“Your work is going to fill a large part of your life, and the only way to be truly satisfied is to do what you believe is great work. And the only way to do great work is to love what you do. If you haven’t found it yet, keep looking. Don’t settle. As with all matters of the heart, you’ll know when you find it. And, like any great relationship, it just gets better and better as the years roll on. So keep looking until you find it. Don’t settle.”
— Steve Jobs
I like Steve Jobs. And I like to follow my heart. But, with due respect, I still think this oft quoted passage is problematic and needs a more balanced perspective—here are some of the reasons why:
1. Not everyone has the privilege of doing “what they believe is great work.” Millions of people in the world are doing jobs that may not have been their primary career choice—and that is putting it politely. For example, they may be making the small parts that no one sees, the parts that run the machines that guys like Steve Jobs envisions. They are the tasks many of us would call drudgery, but many are simply glad and thankful to have the work at all, at a time when choices are limited. Perhaps they’ll make a change later, but should they be miserable until then because they don’t believe the work is “great work?” (Changing their belief is therefore the place to start, which brings me to #2.)
2. And about the claim that “the only way to be truly satisfied is to do what you believe is great work,” it seems to me that what you believe can be changed. You don’t have to marry your beliefs. Beliefs are just beliefs and they change with our maturity level and with our experiences and with 150 other reasons. Heck, they change from day to day—they sway like the palm trees in the wind and can be influenced by our ever-changing perspectives. Thank goodness; that means we’re growing! Thus, I would change “the only way to be truly satisfied is to do what you believe is great work” to “the only way to be truly satisfied is to find the greatness in what it is you do.”

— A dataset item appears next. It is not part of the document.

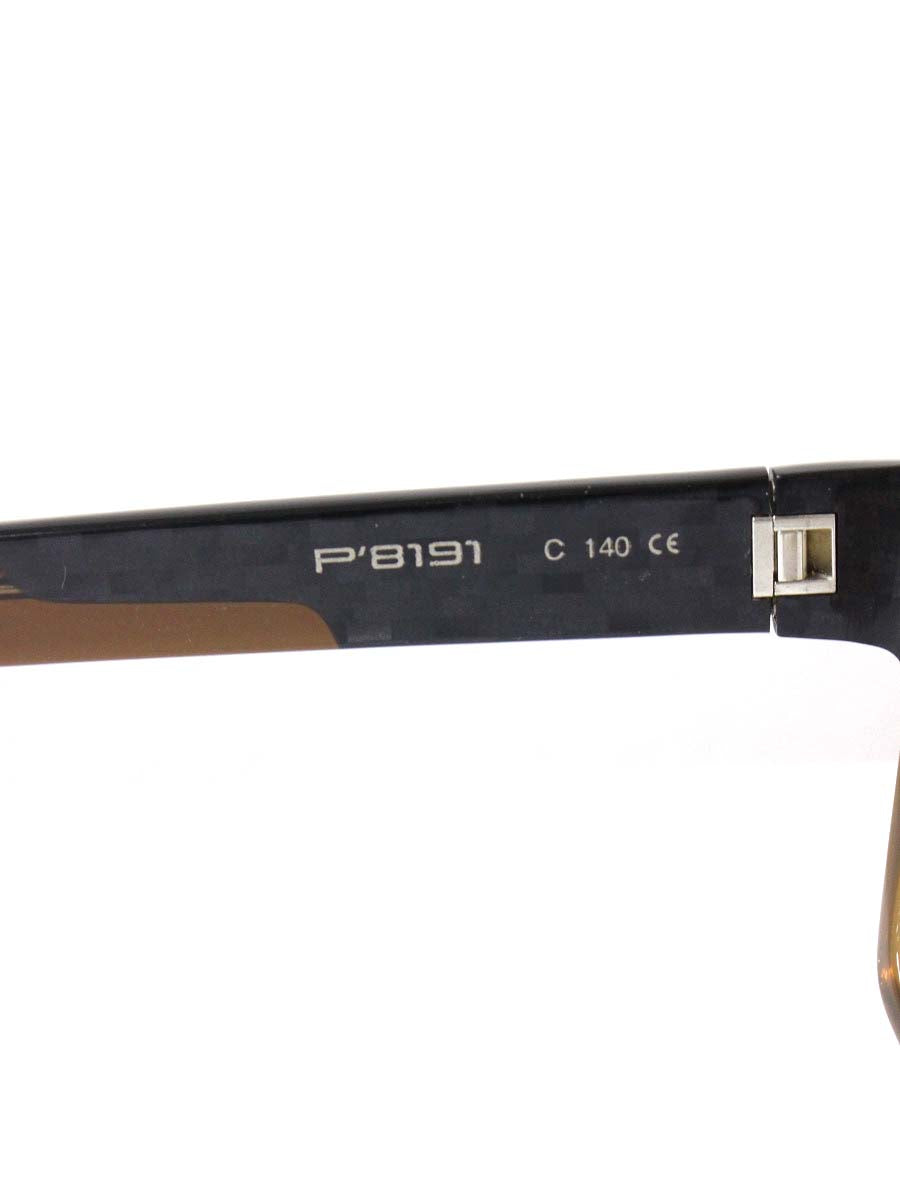 ポルシェデザイン P8191 サングラス ブラウン フルリム スクエア 幾何柄 ITQTTWZLHWPA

3. Finally, toward the notion that, “like any great relationship, it just gets better and better as the years roll on,” I would like to serve up a reality check—what makes great relationships great, is when all parties understand that it’s not always fun and it doesn’t always “feel good.” All relationships have their ups and downs. And equally so with the work we do. It won’t always be the way you dreamed it would be, you won’t always feel like going, and you might one day feel like you don’t like your job anymore. It seems to me that the truly liberated and wise will take those days in stride and remember not to get caught up in those temporary feelings. And from a clear connection to the importance of what it is they are doing—because everything has its place and purpose, along with a good dose of gratitude, they will undoubtedly maintain a consistently cheerful attitude.
We might liken this cheerful person—who finds the beauty in what it is he does—to the Greek mythical character, Sisyphus, who continues to push his rock with a smile…without telling himself that the task is ridiculous and absurd.